WebGPU Bench

← Back to Dashboard

How Benchmarks Work

  1. build.sh compiles llama.cpp to WebAssembly with WebGPU support via Emscripten + emdawnwebgpu, producing two WASM variants: JSPI (Chrome) and Asyncify (Firefox, Safari).
  2. runner.js launches Playwright browsers and navigates to harness.html.
  3. harness.js detects JSPI support and loads the correct WASM variant.
  4. The GGUF model is downloaded from HuggingFace directly in the browser.
  5. Inference runs via WebGPU (or CPU fallback) using llama.cpp's C API with greedy sampling for deterministic output.
  6. Performance metrics are collected via llama_perf_context() and returned to Playwright.
  7. A fresh browser instance is launched for each variant to prevent WASM memory accumulation (OOM fix).

Metrics Glossary

MetricDescription
decode_tok_sToken generation speed (tokens/sec) — main performance metric
prefill_tok_sPrompt processing speed (tokens/sec)
t_eval_msTotal decode time in milliseconds
t_p_eval_msTotal prefill time in milliseconds
n_evalNumber of tokens generated
n_p_evalNumber of prompt tokens processed
buildTypejspi or asyncify — which WASM variant was used
webgpuAvailableWhether WebGPU was available in the browser
wallTimeMsTotal wall-clock time for the benchmark run

Error Categories

CategoryPatternTypical Cause
OOMout of memory, memory allocationModel too large for available WASM memory
WASM Abortwasm, abort, unreachableWASM execution error, often from unsupported operations
Timeouttimeout, timed outBenchmark exceeded time limit (model download or inference)
Download Faileddownload, fetch, 404, networkModel file not found or network error
Othereverything elseUncategorized errors

Consistency Measurement

The --consistency flag measures how faithfully the WebGPU backend reproduces the CPU computation for each quantization type.

How it works

For each variant, two runs are performed in the same browser:

  1. CPU baseline (n_gpu_layers=0): greedy-decodes 128 tokens and records the token ID sequence.
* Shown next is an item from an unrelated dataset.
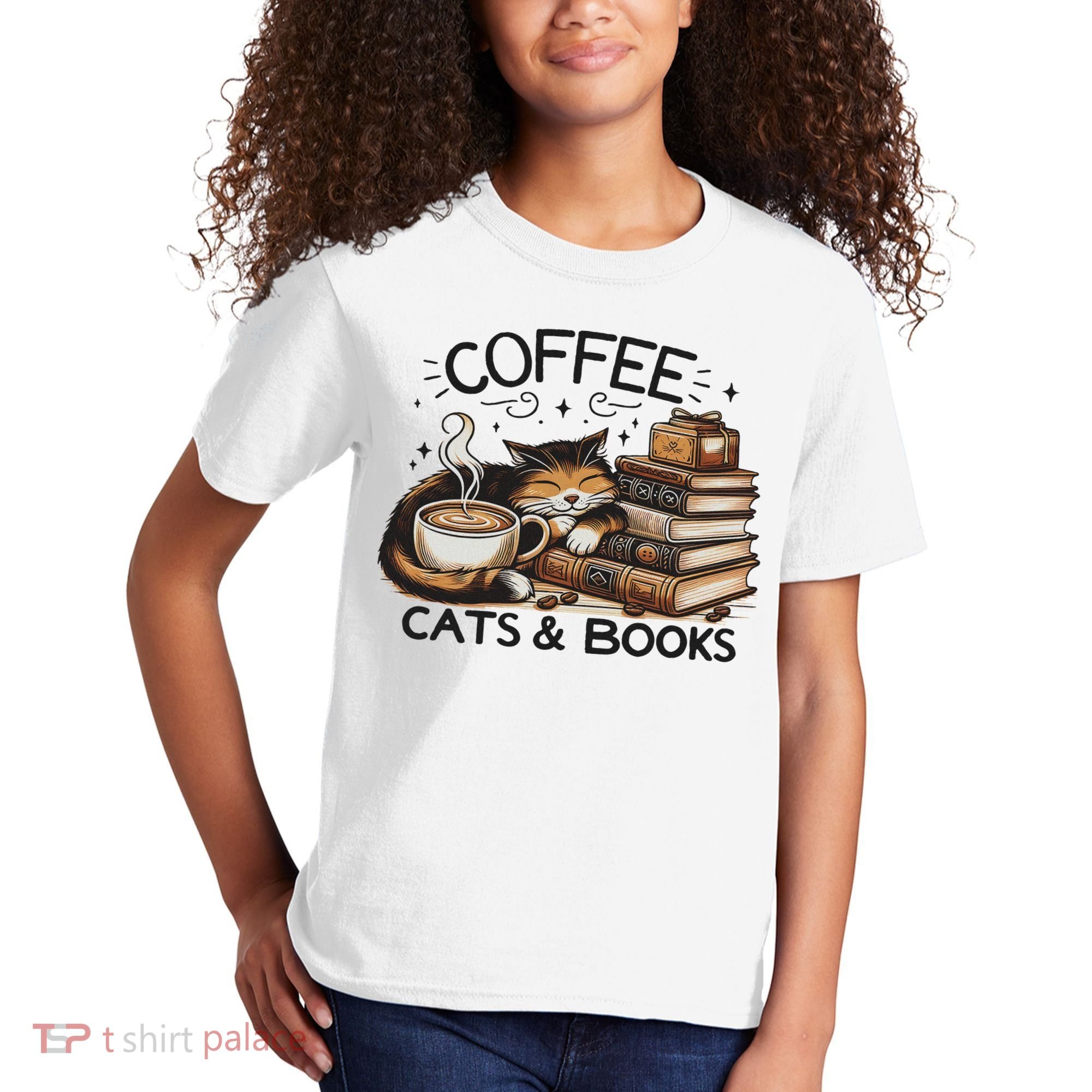 Funny Cute Coffee Cats Books Lover Gift Idea Women Kids T-Shirt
Cached to results/cpu_baselines.json.
  2. WebGPU run (n_gpu_layers=999): performs a forced-decoding pass — feeds the CPU's token sequence one token at a time and checks whether the WebGPU backend independently predicts the same top-1 token at each position.

Why forced decoding

Naively comparing generated text suffers from cascading divergence: a single token difference changes the KV cache context for all subsequent tokens. Forced decoding evaluates each position independently, giving a clean per-token accuracy signal.

Interpreting results

agreement_rateInterpretation
1.00Numerically identical to CPU — no precision issues
0.95–0.99A few tokens differ due to near-equal logits — expected for lower-precision quants
< 0.90Systematic precision issues — GPU kernel may need investigation
0.00First token wrong — quantization kernel likely broken